24º Domingo do Tempo Comum – 16/09/2018
Anúncio do Evangelho (Mc 8,27-35)
— O Senhor esteja convosco.
— Ele está no meio de nós.
— PROCLAMAÇÃO do Evangelho de Jesus Cristo + segundo
Marcos.
— Glória a vós, Senhor.
Naquele tempo, Jesus partiu com seus discípulos para os
povoados de Cesaréia de Filipe. No caminho perguntou aos discípulos: “Quem
dizem os homens que eu sou?” Eles responderam: “Alguns dizem que tu és
João Batista; outros que és Elias; outros, ainda, que és um dos profetas”. Então
ele perguntou: “E vós, quem dizeis que eu sou?” Pedro respondeu: “Tu és o
Messias”.
Jesus proibiu-lhes severamente de falar a alguém a seu
respeito. Em seguida, começou a ensiná-los, dizendo que o Filho do Homem
devia sofrer muito, ser rejeitado pelos anciãos, pelos sumos sacerdotes e
doutores da Lei; devia ser morto, e ressuscitar depois de três dias. Ele
dizia isso abertamente. Então Pedro tomou Jesus à parte e começou a
repreendê-lo.

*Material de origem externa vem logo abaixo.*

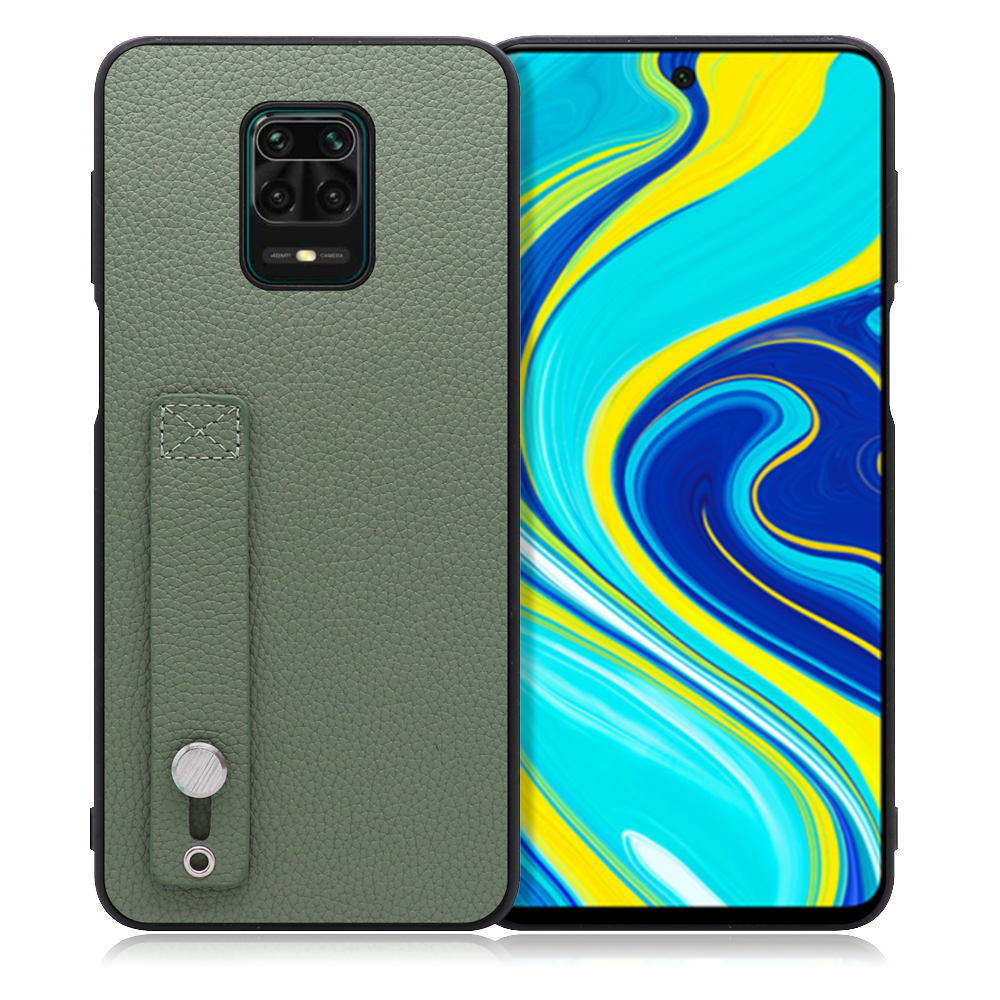 LOOF HOLD-SHELL Xiaomi Redmi Note 9S 用 [ダルグリーン] 薄い 軽量 背面 本革 ケース 固定 ベルト カバー シンプル スマホケース スマホカバー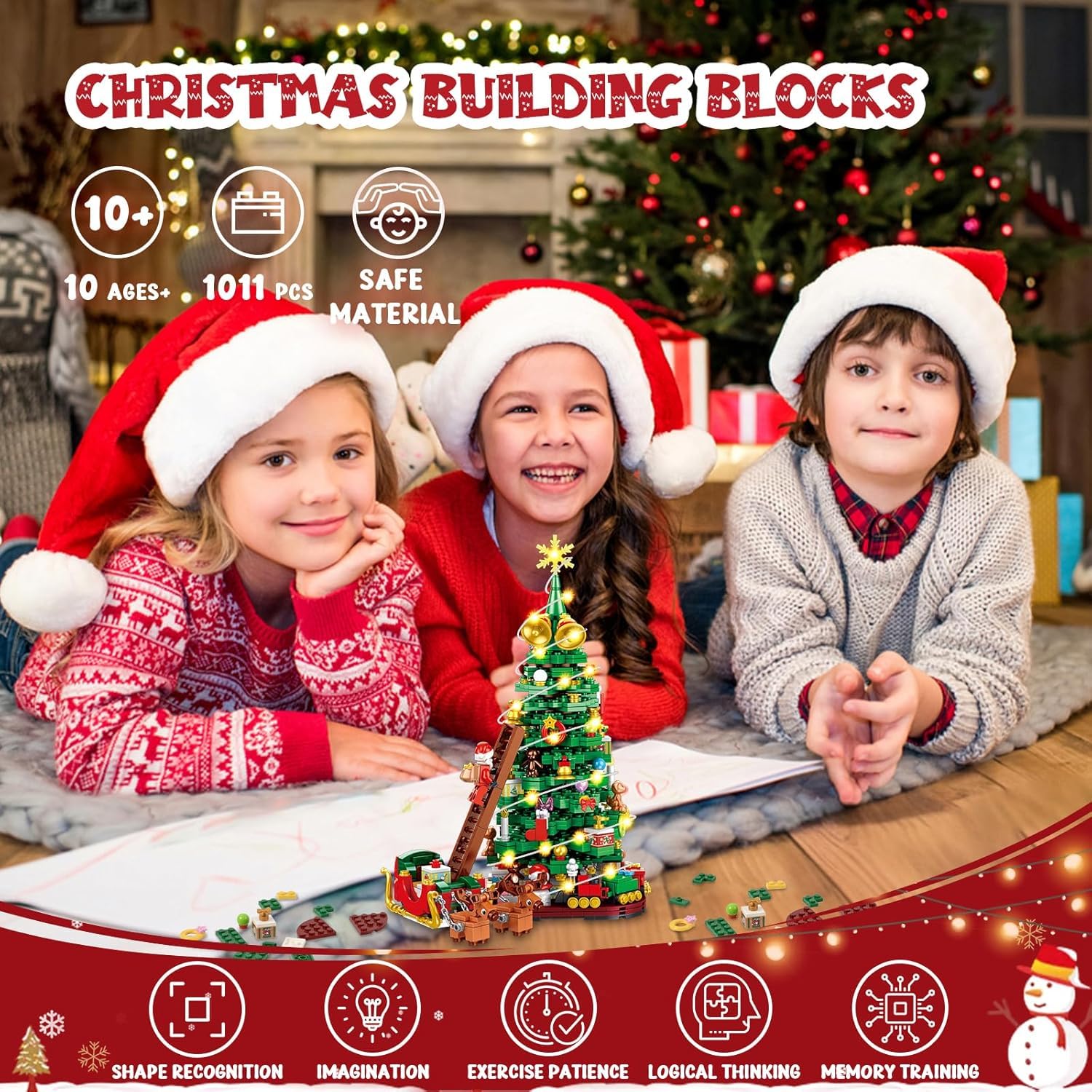 Siyaluens Advent Calendar 2025 - Christmas Tree Building Block Set, 1011 Pieces Christmas Santa Claus Moose Toy Decorations Building Kits for Adults Teen Girls Boys Countdown Calendar Gifts - Medaid International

Jesus voltou-se, olhou para os discípulos e repreendeu a
Pedro, dizendo: “Vai para longe de mim, Satanás! Tu não pensas como Deus, e sim
como os homens”.
Então chamou a multidão com seus discípulos e disse: “Se
alguém me quer seguir, renuncie a si mesmo, tome a sua cruz e me siga. Pois,
quem quiser salvar a sua vida, vai perdê-la; mas, quem perder a sua vida por
causa de mim e do Evangelho, vai salvá-la”.
— Palavra da Salvação.
— Glória a vós, Senhor.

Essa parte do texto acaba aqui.